--- Exercise material Enclosed Below ---

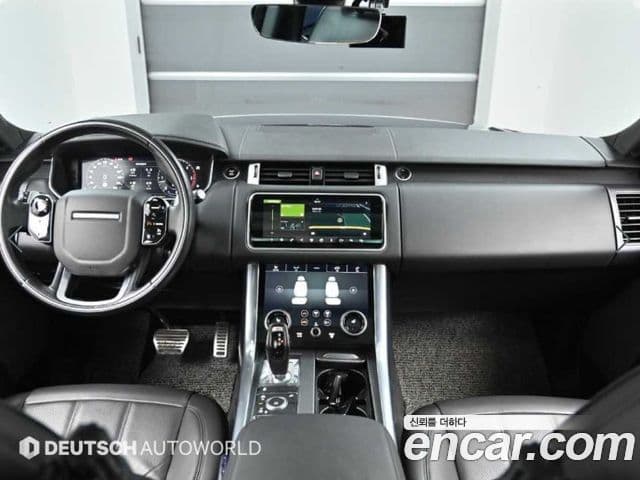 Land Rover Range Rover Sport 2019 — ფოტო 8/20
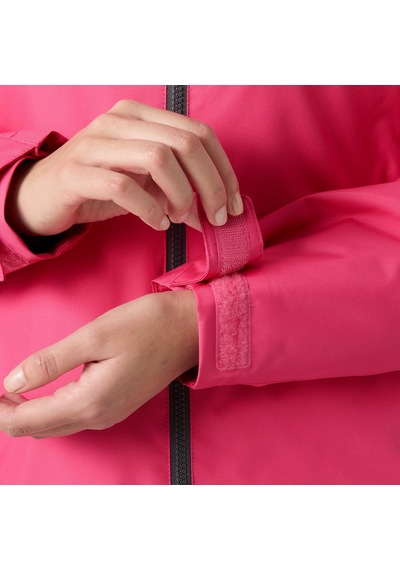 Helly Hansen W Crew Mıdlayer Polarlı Mont 2 Pembe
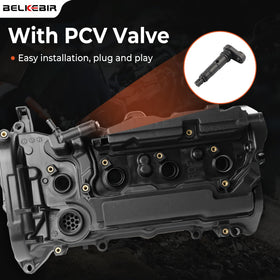 BELKEBIR valve cover gasket detail, tight seal to prevent oil leaks
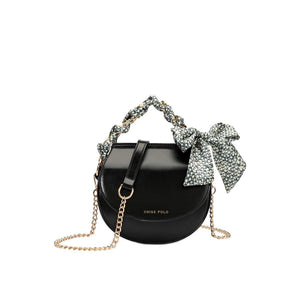 Women's Chain Shoulder Sling Bag / Crossbody Bag - HCW 8035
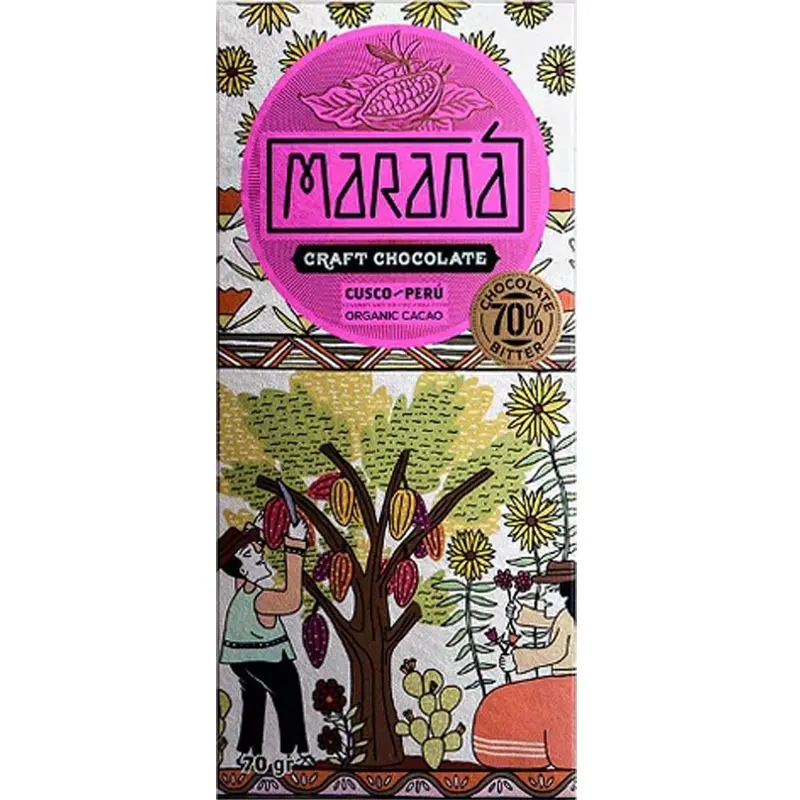 Cusco peru Schokolade 70 von marana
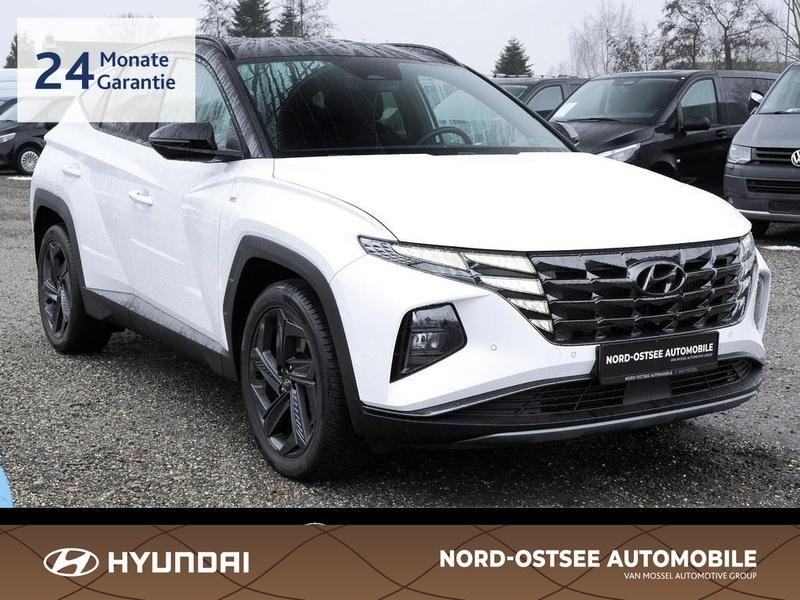 Hyundai TUCSON BLACKLINE NAVI KAMERA PANO SPUR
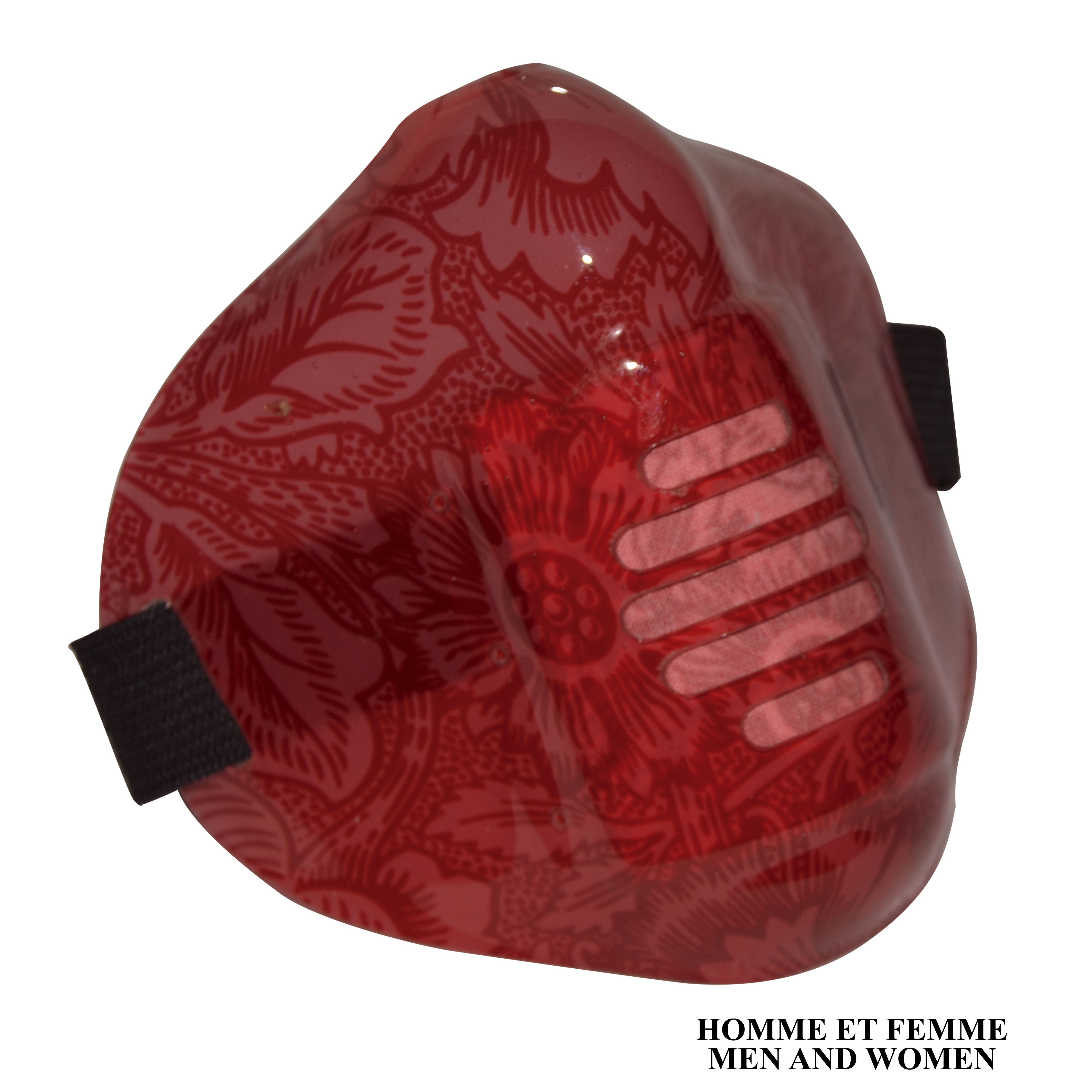 MASK-PRO TATTOO-RED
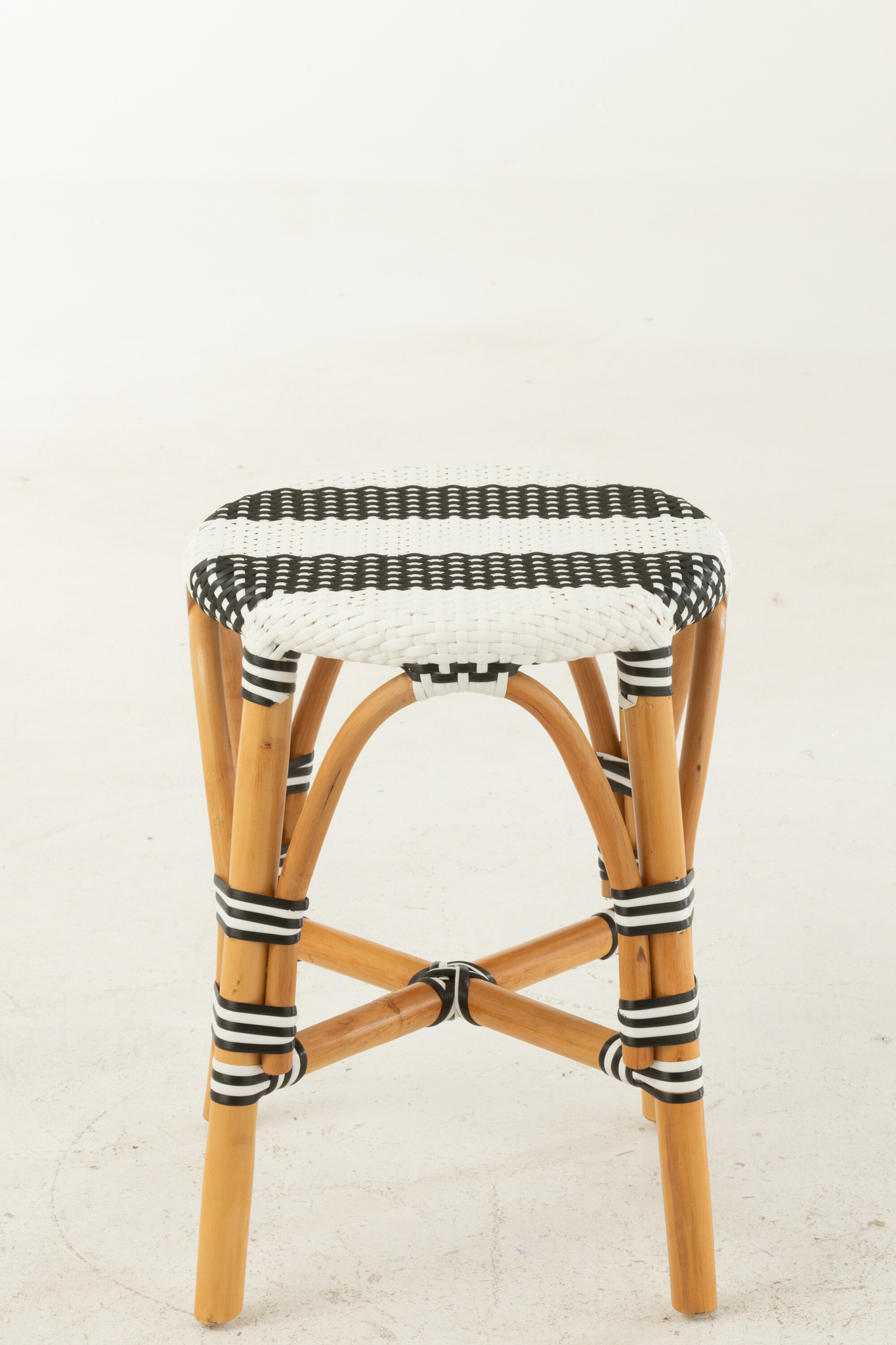 Hocker Rattan Klein – Bild 2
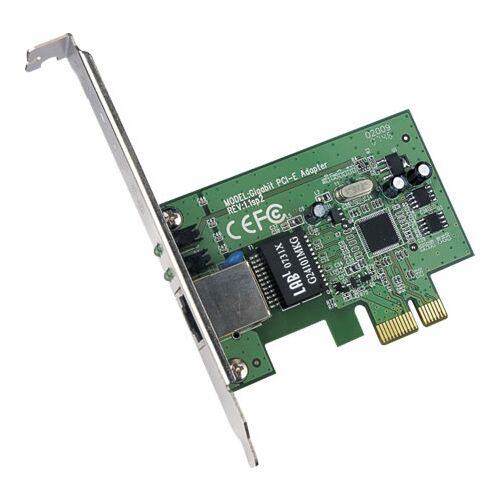 TP-Link TG-3468 Vezetékes 10/100/1000Mbit PCI-E adapter 177350649 - PCI hálózati kártya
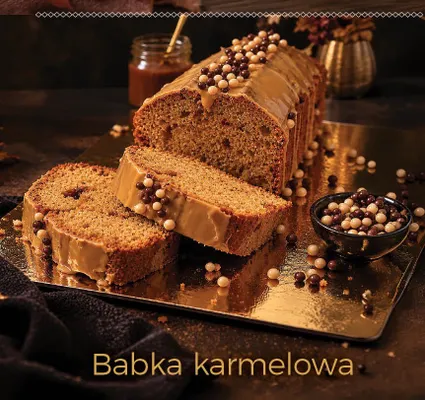 Babka karmelowa Ciastkarnia Natalia i Szymon promocja w TOPAZ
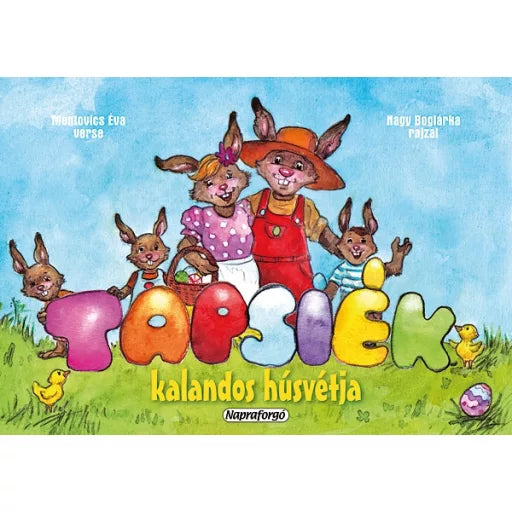 Tapsiék kalandos húsvétja színező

--- End of Enclosed Exercise material ---

*Task directions*
When you give the entries again, keep them exact and omit any picture they contain.

*Solution to this problem*
 Land Rover Range Rover Sport 2019 — ფოტო 8/20
 Helly Hansen W Crew Mıdlayer Polarlı Mont 2 Pembe
 BELKEBIR valve cover gasket detail, tight seal to prevent oil leaks
 Women's Chain Shoulder Sling Bag / Crossbody Bag - HCW 8035
 Cusco peru Schokolade 70 von marana
 Hyundai TUCSON BLACKLINE NAVI KAMERA PANO SPUR
 MASK-PRO TATTOO-RED
 Hocker Rattan Klein – Bild 2
 TP-Link TG-3468 Vezetékes 10/100/1000Mbit PCI-E adapter 177350649 - PCI hálózati kártya
 Babka karmelowa Ciastkarnia Natalia i Szymon promocja w TOPAZ
 Tapsiék kalandos húsvétja színező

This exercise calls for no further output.